BEGIN Supplied material
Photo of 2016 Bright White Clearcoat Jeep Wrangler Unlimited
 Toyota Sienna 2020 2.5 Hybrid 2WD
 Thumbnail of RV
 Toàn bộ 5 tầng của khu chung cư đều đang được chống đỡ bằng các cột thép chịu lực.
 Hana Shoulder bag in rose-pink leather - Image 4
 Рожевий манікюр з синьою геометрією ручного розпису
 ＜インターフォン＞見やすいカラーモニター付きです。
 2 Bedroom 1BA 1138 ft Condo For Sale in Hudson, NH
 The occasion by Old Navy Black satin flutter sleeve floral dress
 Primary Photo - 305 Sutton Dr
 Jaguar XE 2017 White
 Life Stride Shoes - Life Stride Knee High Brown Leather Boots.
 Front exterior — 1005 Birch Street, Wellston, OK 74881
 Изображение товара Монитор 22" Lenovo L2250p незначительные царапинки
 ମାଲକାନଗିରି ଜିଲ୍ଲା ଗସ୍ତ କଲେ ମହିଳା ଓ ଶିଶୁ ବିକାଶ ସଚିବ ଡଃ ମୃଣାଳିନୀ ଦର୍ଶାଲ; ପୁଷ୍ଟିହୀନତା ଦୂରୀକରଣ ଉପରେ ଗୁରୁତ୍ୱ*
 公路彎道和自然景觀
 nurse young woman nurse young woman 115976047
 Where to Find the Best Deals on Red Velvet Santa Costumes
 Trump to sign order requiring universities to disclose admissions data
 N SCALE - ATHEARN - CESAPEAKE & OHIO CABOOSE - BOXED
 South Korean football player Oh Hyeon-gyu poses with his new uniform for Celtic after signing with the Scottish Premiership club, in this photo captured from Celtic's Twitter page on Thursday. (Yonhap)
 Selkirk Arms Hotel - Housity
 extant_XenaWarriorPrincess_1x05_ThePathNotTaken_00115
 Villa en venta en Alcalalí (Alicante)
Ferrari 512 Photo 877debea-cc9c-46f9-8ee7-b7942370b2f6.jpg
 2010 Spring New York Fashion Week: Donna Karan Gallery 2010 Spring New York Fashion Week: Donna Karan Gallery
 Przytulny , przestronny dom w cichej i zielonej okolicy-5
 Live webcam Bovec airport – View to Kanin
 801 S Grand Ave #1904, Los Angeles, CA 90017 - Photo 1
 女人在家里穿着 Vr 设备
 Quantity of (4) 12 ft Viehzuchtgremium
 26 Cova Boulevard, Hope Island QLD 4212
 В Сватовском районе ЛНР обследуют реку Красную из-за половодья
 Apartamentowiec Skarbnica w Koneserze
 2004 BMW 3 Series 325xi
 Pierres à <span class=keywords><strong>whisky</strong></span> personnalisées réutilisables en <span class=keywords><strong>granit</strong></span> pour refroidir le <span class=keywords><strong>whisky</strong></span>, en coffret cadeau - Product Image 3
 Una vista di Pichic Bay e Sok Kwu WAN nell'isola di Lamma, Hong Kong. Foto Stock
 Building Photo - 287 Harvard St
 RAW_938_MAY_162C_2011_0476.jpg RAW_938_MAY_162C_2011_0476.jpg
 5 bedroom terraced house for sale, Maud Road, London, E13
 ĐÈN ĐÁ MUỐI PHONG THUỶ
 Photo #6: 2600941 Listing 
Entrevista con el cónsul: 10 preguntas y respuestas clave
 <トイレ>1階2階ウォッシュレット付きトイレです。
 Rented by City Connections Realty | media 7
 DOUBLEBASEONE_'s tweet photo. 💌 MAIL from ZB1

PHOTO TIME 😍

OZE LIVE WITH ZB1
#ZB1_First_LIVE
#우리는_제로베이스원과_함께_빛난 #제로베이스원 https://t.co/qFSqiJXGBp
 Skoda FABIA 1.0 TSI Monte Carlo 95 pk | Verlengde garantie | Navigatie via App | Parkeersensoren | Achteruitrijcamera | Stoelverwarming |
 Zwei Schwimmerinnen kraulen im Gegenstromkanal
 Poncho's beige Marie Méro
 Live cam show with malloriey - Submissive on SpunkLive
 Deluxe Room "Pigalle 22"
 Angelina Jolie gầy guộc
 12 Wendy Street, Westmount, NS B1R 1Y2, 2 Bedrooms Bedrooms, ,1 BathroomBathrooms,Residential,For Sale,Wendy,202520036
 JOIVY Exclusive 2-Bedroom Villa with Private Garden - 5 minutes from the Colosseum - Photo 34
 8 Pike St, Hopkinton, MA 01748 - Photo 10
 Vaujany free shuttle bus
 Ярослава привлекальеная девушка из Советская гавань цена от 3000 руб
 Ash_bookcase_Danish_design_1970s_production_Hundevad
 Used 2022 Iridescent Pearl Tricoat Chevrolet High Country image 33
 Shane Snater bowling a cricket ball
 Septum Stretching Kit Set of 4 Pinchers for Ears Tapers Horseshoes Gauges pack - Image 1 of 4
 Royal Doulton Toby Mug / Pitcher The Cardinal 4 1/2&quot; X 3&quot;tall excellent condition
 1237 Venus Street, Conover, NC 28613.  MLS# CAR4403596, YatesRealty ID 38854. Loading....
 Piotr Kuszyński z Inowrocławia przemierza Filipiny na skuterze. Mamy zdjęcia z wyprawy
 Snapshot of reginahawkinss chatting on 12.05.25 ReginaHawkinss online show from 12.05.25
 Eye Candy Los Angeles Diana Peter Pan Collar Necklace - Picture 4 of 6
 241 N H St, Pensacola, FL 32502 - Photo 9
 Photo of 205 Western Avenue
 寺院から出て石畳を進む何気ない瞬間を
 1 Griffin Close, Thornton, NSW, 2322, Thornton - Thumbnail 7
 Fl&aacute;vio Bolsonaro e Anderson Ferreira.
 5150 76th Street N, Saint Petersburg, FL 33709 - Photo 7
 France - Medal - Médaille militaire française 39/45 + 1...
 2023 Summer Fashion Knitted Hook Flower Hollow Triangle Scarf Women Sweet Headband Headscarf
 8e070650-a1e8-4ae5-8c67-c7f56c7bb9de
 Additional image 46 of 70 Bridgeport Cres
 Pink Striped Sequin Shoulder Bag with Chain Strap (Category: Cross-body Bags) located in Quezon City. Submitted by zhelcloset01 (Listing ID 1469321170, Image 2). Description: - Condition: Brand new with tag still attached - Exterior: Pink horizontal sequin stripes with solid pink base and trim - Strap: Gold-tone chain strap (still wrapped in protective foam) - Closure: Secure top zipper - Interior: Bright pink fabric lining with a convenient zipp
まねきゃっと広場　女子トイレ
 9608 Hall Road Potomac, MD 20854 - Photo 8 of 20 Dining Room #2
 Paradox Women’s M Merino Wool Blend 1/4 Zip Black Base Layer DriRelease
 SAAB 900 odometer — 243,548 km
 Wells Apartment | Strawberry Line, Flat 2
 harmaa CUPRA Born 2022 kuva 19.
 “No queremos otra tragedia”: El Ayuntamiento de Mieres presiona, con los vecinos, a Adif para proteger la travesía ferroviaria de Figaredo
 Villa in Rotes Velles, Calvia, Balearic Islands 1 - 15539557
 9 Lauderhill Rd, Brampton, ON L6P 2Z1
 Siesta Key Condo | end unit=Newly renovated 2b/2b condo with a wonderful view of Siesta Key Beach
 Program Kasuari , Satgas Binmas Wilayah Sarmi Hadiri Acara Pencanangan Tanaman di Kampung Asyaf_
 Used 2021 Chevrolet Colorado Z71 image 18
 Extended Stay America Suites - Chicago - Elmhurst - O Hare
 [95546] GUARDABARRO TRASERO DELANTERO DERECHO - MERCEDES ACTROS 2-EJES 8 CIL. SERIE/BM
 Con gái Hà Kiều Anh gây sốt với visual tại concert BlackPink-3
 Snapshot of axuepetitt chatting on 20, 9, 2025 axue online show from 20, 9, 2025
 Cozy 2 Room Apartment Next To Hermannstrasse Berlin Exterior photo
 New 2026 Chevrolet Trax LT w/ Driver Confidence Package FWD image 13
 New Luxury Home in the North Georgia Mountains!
END Supplied material
__What is required__
Lines holding the word "Condo" should be copied from the entries above.

__Exercise solution__
 2 Bedroom 1BA 1138 ft Condo For Sale in Hudson, NH
 Siesta Key Condo | end unit=Newly renovated 2b/2b condo with a wonderful view of Siesta Key Beach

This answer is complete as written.